В 1794 году две Екатерины снова поссорились из-за изданной Дашковой книги «Российский феатр или полное собрание всех российских феатральных пьес». В этом издании опубликована тираноборческая трагедия Княжнина «Вадим Новгородский», рассказывающую о вольности Великого Новгорода, отнятой Рюриком, и о храбром патриоте, новгородце Вадиме, вставшим на борьбу с «варяжскими захватчиками». В Екатерине, как известно, не было ни капли крови Рюриковичей, идеального правителя она воображала вполне в духе Просвещения, советующимся с подданными. Но в Париже во всю работала гильотина, в Польше разгоралось восстание Тадеуша Костюшко, и время было совсем не подходящим для революционных пьес. Императрица приказала Дашковой изъять том из продажи, но Дашкова категорически отказалась. Она взяла отпуск и уехала в свое калужское именье, где через два года узнала о смерти Екатерины, а также о собственной отставке с поста президента, полученной от нового императора Павла.
В последующие годы она жила то в Москве, то в Петербурге, писала пьесы, роман и автобиографические записки. Англичанка, Кэтрин Вильмон, приезжавшая к ней тогда, так описывает Дашкову: «В наружности ее, разговоре и манерах есть какая-то оригинальность, отличающая ее от других людей. Она помогает каменщикам возводить стены, сама проводит дороги и кормит коров, сочиняет музыкальные пьесы, пишет статьи для печати и громко поправляет священника в церкви, если тот отступает от правил, а в театре прерывает актеров и учит и их, как надобно выполнять роли. Княгиня вместе фельдшер, аптекарь, доктор, купец, судья, администратор».
С дочерью Екатерина Романовна давно поссорилась, та, несмотря на образцовое воспитание матери, выросла мотовкой, не могла ужиться с мужем. Сын Павел тоже поссорился с матерью, женился на дочери купца и умер, не оставив детей, Екатерине Романовне суждено пережить его на три года.
В 1804 году она написала редактору журнала «Друг просвещения» и просила его опубликовать надпись к портрету Екатерины II «переведенную мною с французского российскою прозою, для того что я уже потеряла и ту малую стезю, по которой доселе я прибегала к музам; побудилась же я оный перевод сделать потому, что сочинитель превозносит и великую монархию, и великий почтеннейший народ, и что в моих понятиях отношение взаимное, как частных людей между собой, так и народов к народу, основывается не только на силе, преимуществе и важности, содержащейся в себе, но и на внутреннем о себе восчувствовании и заключении. Кажется, весьма естественно заключить можно, что если мы сами себя почитать не умеем или не хотим, то не можем ожидать, а менее еще требовать, чтоб нас почитали». Какие же чувства неведомого французского автора хотела выразить Дашкова? Она пишет о своей императрице, не один раз предавшей ее, но все же оставшейся в ее глазах идеалом одновременно монархини и задушевной подруги: «Кто более ее когда-нибудь заслуживал благоговейное почитание. Соразмерно величию души ее ей небо дало владычество, подобное важным и пространным ее намерениям, пространный край в нашем шару ей покорил, а чтоб счастье всегда ей сопутствовало, чтоб была непобедима и слава чтоб ее бессмертною была, чтоб ничего невозможного для нее не существовало, благий Творец ей россиян подданными дал».

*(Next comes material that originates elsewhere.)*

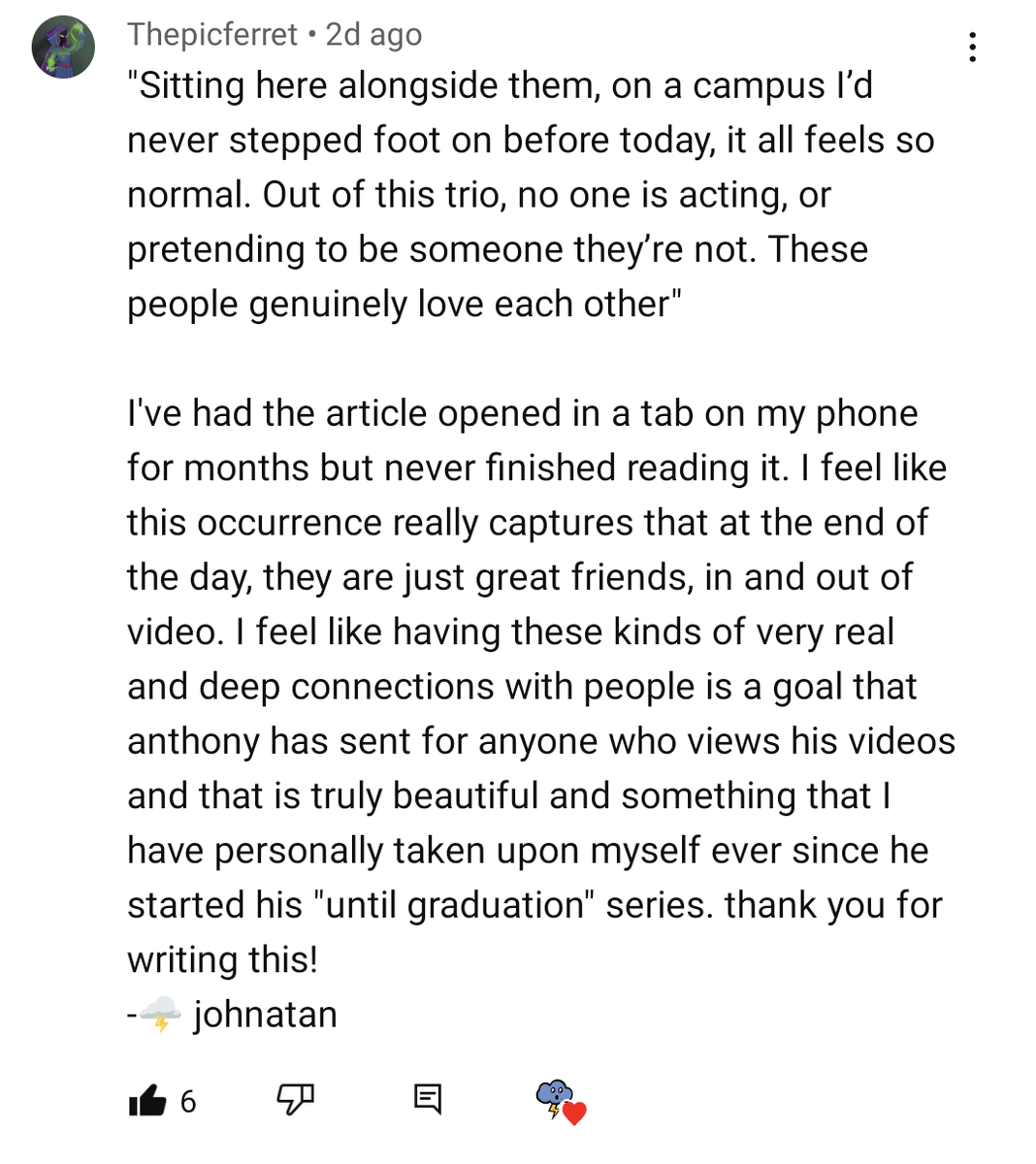 bynategl's tweet photo. @anthpo An update: Not sure what I was expecting, but truly blown away by some of the feedback + comments on this video.

Ppl see their favorite creators as more than just content machines imo. Glad a longform, magazine-ish story could play a (very) small role in documenting that. https://t.co/R1c4Ar4e3Y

Александр I приглашал ее вернуться ко Двору, вновь занять место президента Академии наук, к нему присоединились и сами академики, но Дашкова отказалась, сославшись на преклонный возраст. Умерла Екатерина Романовна в 1810 году.
«Дашковою русская женская личность, разбуженная петровским разгромом, выходит из своего затворничества, заявляет свою способность и требует участия в деле государственном, в науке в преобразовании России», – писал о княгине Герцен.